Greenway Frank L, Whitehouse M J, Guttadauria Maria, Anderson James W, Atkinson Richard L, Fujioka Ken, Gadde Kishore M, Gupta Alok K, O'Neil Patrick, Schumacher Donald, Smith Diane, Dunayevich Eduardo, Tollefson Gary D, Weber Eckard, Cowley Michael A
1Pennington Biomedical Research Center, Louisiana State University System, Baton Rouge, Louisiana, USA.
Obesity (Silver Spring). 2009 Jan;17(1):30-9. doi: 10.1038/oby.2008.461. Epub 2008 Nov 6.

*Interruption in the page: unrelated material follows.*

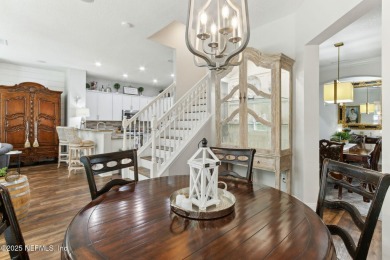 Located in the highly sought-after, golf cart-friendly St. Johns on St. Johns Golf and Country Club in Florida - for sale on GolfHomes.com, golf home, golf lot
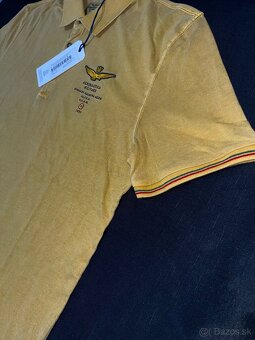 Predám polokoselu pánsku Aeronautica Militare - 5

Existing obesity therapies are limited by safety concerns and modest efficacy reflecting a weight loss plateau. Here, we explore combination therapy with bupropion (BUP), a putative stimulator of melanocortin pathways, and an opioid antagonist, naltrexone (NAL), to antagonize an inhibitory feedback loop that limits sustained weight reduction. In vitro electrophysiologic experiments were conducted to determine the extent to which BUP+NAL stimulated hypothalamic pro-opiomelanocortin (POMC) neurons in mouse brain. A subsequent study further characterized the effect of combination BUP+NAL treatment on food intake in lean and obese mice. Finally, a randomized, blinded, placebo-controlled trial in obese adult subjects was conducted. Randomization included: BUP (300 mg) + NAL (50 mg), BUP (300 mg) + placebo (P), NAL (50 mg) + P or P+P for up to 24 weeks. BUP+NAL stimulated murine POMC neurons in vitro and caused a greater reduction in acute food intake than either monotherapy, an effect consistent with synergism. Combined BUP+NAL provided sustained weight loss without evidence of an efficacy plateau through 24 weeks of treatment. BUP+NAL completers diverged from NAL+P (P < 0.01) and P+P (P < 0.001) at week 16 and from BUP+P by week 24 (P < 0.05). The combination was also well tolerated. Translational studies indicated that BUP+NAL therapy produced synergistic weight loss which exceeded either BUP or NAL alone. These results supported the hypothesis that NAL, through blockade of beta-endorphin mediated POMC autoinhibition, prevents the classic weight loss plateau observed with monotherapies such as BUP. This novel treatment approach (BUP+NAL) holds promise for the treatment of obesity.\
现有的肥胖症治疗方法受到安全性问题和减肥效果有限的限制,减肥效果会达到平台期。在此,我们探索了安非他酮(BUP,一种假定的黑皮质素途径刺激剂)与阿片类拮抗剂纳曲酮(NAL)的联合疗法,以对抗限制持续体重减轻的抑制性反馈回路。进行了体外电生理实验,以确定BUP+NAL刺激小鼠下丘脑促阿片黑素细胞皮质素(POMC)神经元的程度。随后的一项研究进一步表征了BUP+NAL联合治疗对瘦小鼠和肥胖小鼠食物摄入量的影响。最后,在肥胖成年受试者中进行了一项随机、双盲、安慰剂对照试验。随机分组包括:BUP(300毫克)+NAL(50毫克)、BUP(300毫克)+安慰剂(P)、NAL(50毫克)+P或P+P,治疗长达24周。BUP+NAL在体外刺激了小鼠POMC神经元,并且比单一疗法导致急性食物摄入量有更大幅度的减少,这一效果与协同作用一致。联合使用BUP+NAL可实现持续体重减轻,在24周的治疗期间没有出现疗效平台期的迹象。在第16周时,BUP+NAL治疗组与NAL+P组(P<0.01)和P+P组(P<0.001)出现差异,到第24周时与BUP+P组出现差异(P<0.05)。该联合疗法的耐受性也良好。转化研究表明,BUP+NAL疗法产生的协同减肥效果超过单独使用BUP或NAL。这些结果支持了以下假设,即NAL通过阻断β-内啡肽介导的POMC自身抑制作用,防止了如BUP等单一疗法中常见的体重减轻平台期。这种新的治疗方法(BUP+NAL)有望用于肥胖症的治疗。